Within the entries below, output exactly the lines between the line containing "DeSoto County Kratom Ban Ordinance" and the line containing "Enlarge Queen, a", inclusive, and omit any picture.

(EXERCISE INPUT)

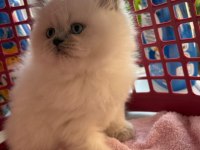 Ayı Surat Bluepoint British Shorthair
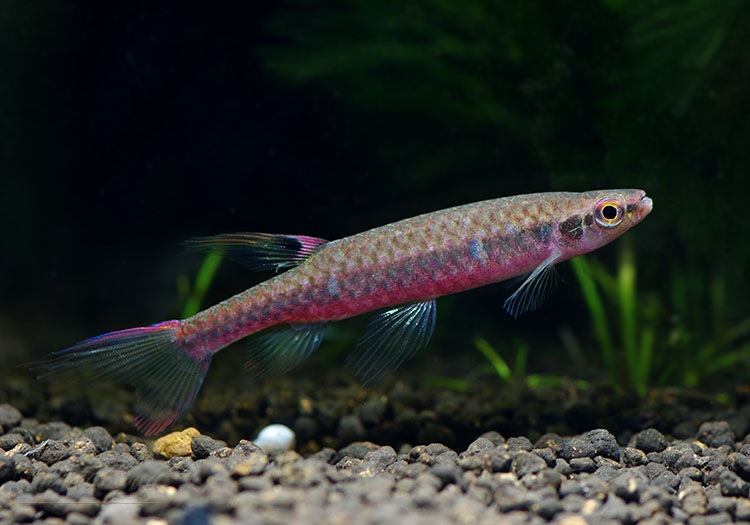 熱帯魚】 コペラ・ビルマエ “Rio japura” WILD 1匹 | 熱帯魚,カラシン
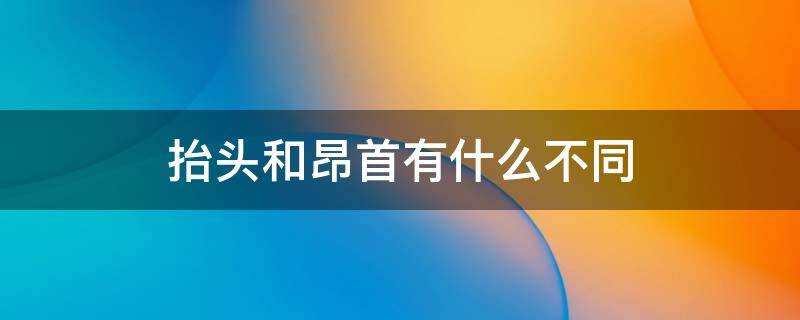 抬头和昂首有什么不同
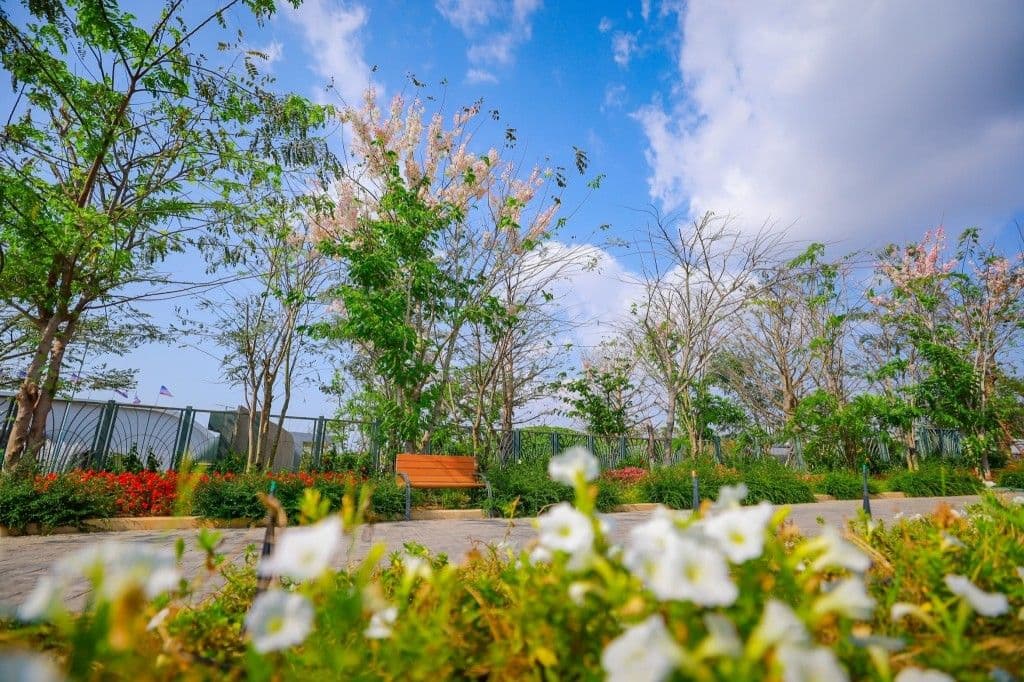 ฟลาวเวอร์แลนด์ พัทยา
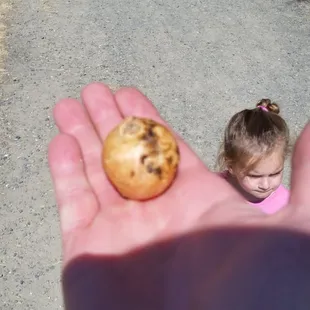 This thing is hard and almost hollow,  not sure what it is.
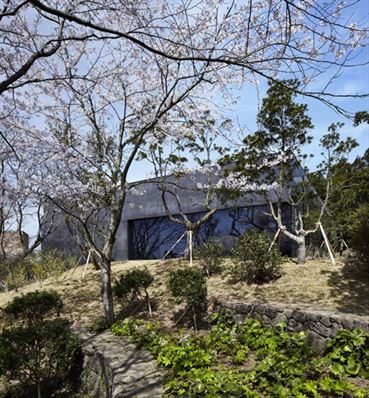 Osulloc-in-Jeju-South-Korea-by-Mass-Studies_dezeen_4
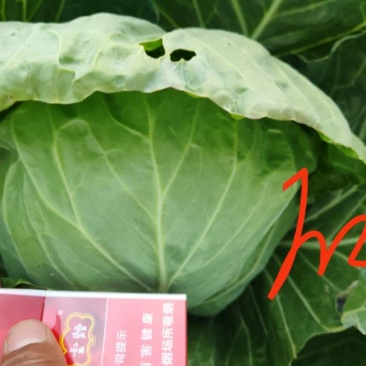 新鲜甘蓝，健康美味，直供农场，快来选购！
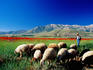 Sheep grazing near Lake Van.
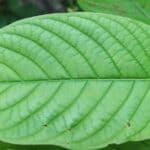 DeSoto County Kratom Ban Ordinance Moves Forward Close-up of a kratom (Mitragyna speciosa) leaf, the plant at the center of a proposed DeSoto County kratom ban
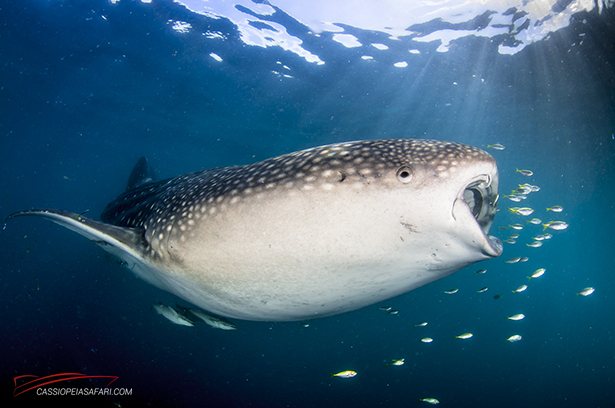 whaleshark red sea diving holiday egypt Brother's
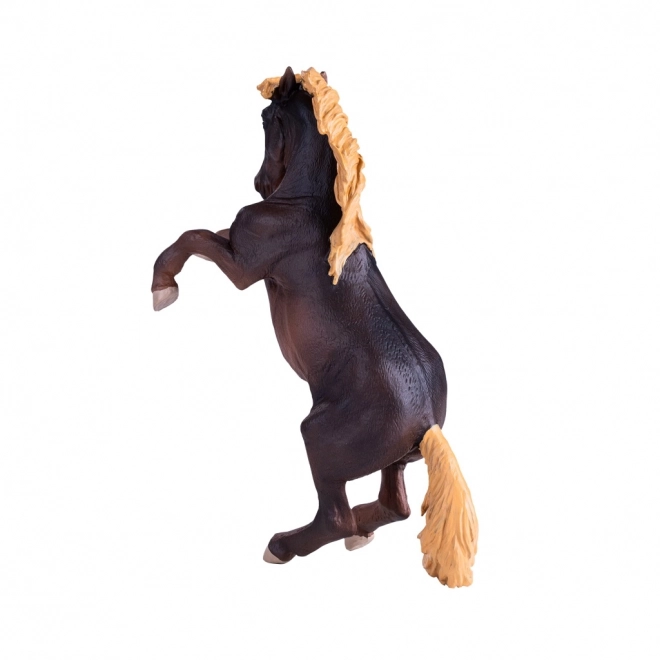 Mojo Pastuh Brumby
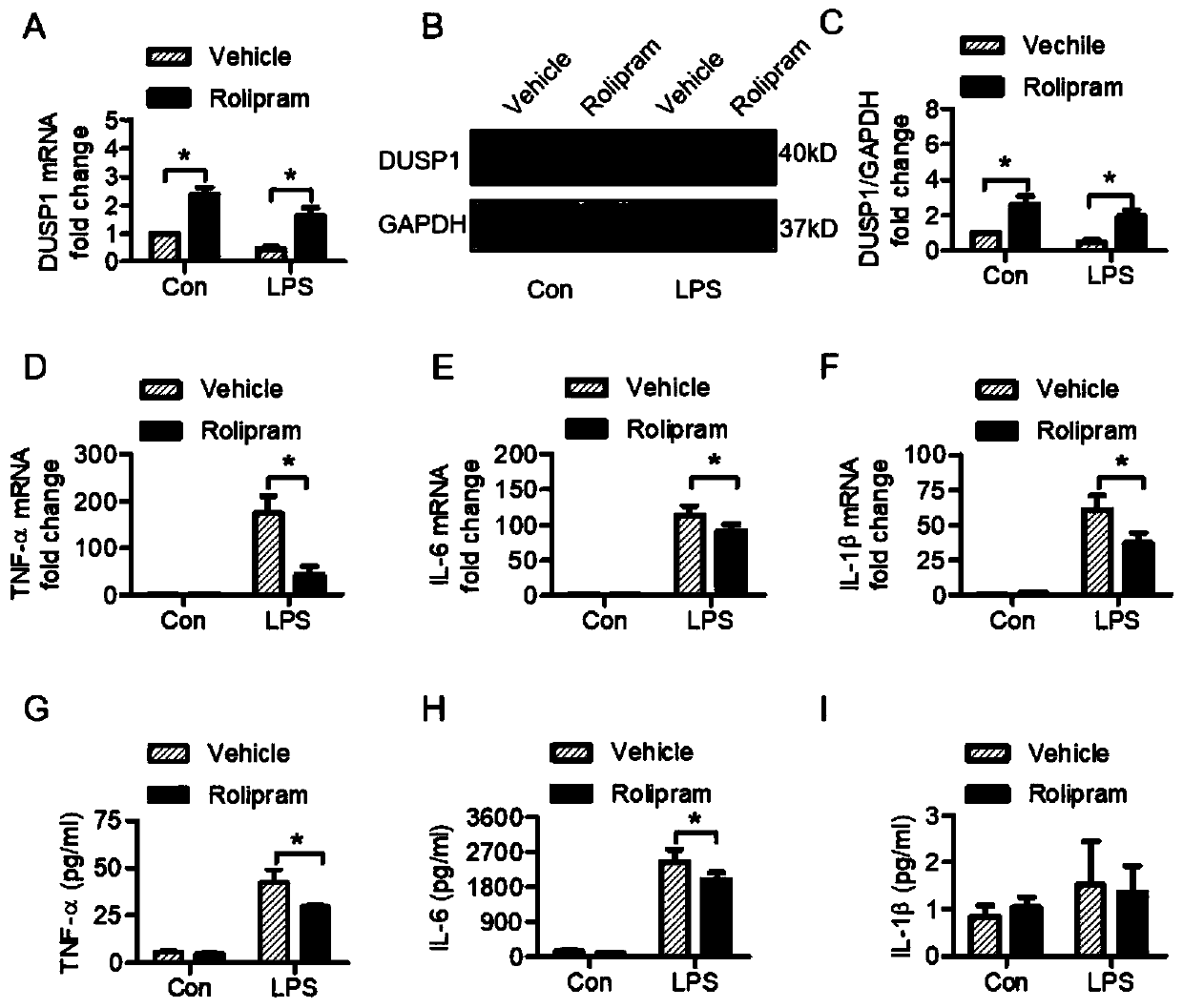 Application of rolipram in preparation of medicines for treating sepsis cardiac dysfunction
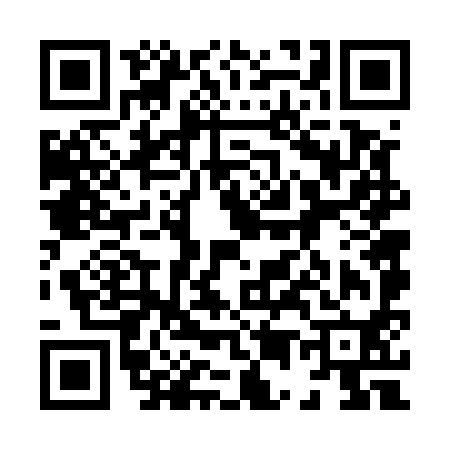 QR code for 856590G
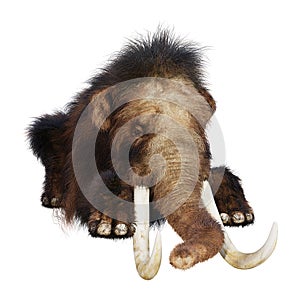 3D Rendering Woolly Mammoth on White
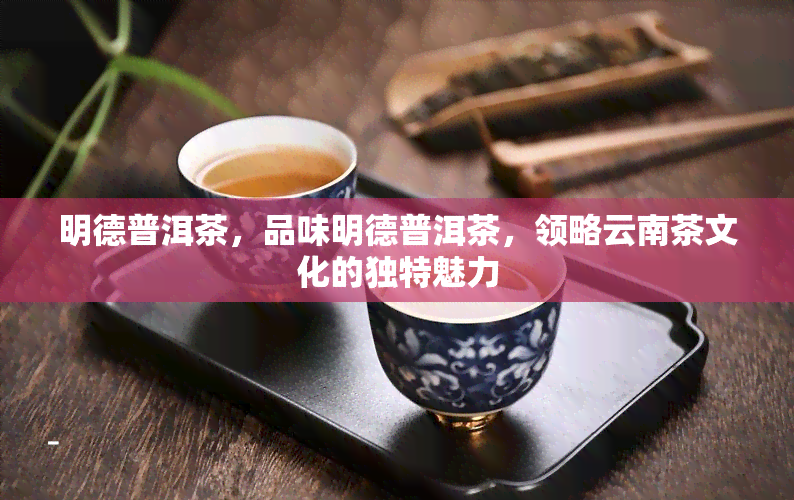 明德普洱茶，品味明德普洱茶，领略云南茶文化的独特魅力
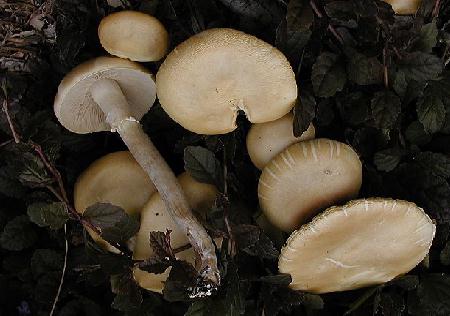 Agrocybe praecox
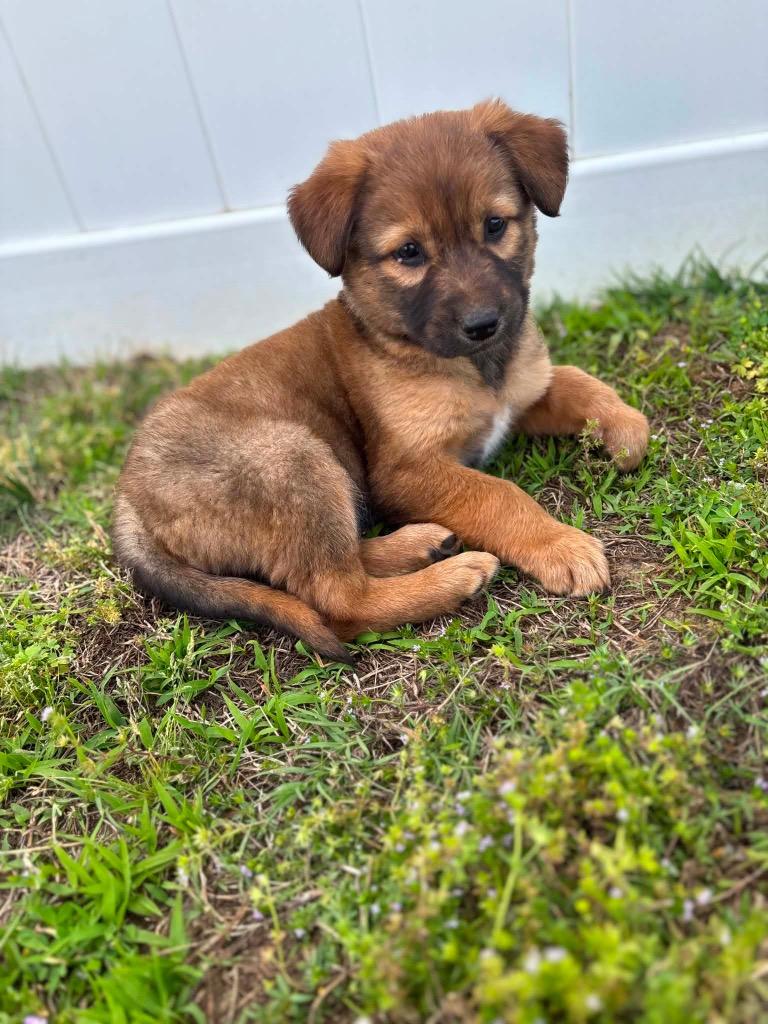 Enlarge Queen, a Adoptable mixed breed in Murray, KY image 5/6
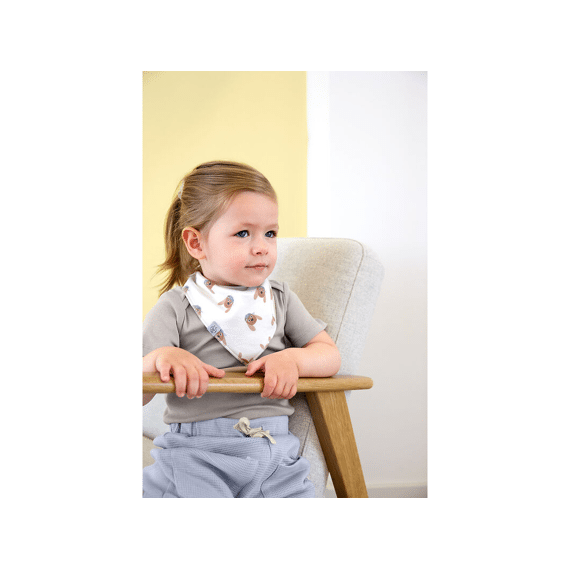 Lassig Bandana Bib 2 Stuks Tiny Team Dog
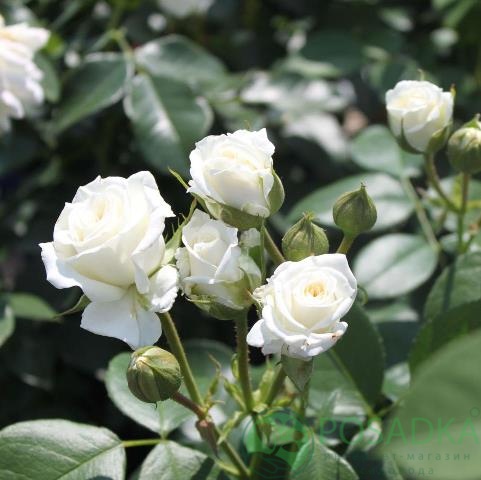 картинка Роза флорибунда Алабастер 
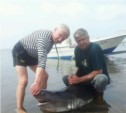 Акулу весом более 100 кг поймали в Холмске (ФОТО)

(End EXERCISE INPUT)

■ **TASK RESULT**:
 DeSoto County Kratom Ban Ordinance Moves Forward Close-up of a kratom (Mitragyna speciosa) leaf, the plant at the center of a proposed DeSoto County kratom ban
 whaleshark red sea diving holiday egypt Brother's
 Mojo Pastuh Brumby
 Application of rolipram in preparation of medicines for treating sepsis cardiac dysfunction
 QR code for 856590G
 3D Rendering Woolly Mammoth on White
 明德普洱茶，品味明德普洱茶，领略云南茶文化的独特魅力
 Agrocybe praecox
 Enlarge Queen, a Adoptable mixed breed in Murray, KY image 5/6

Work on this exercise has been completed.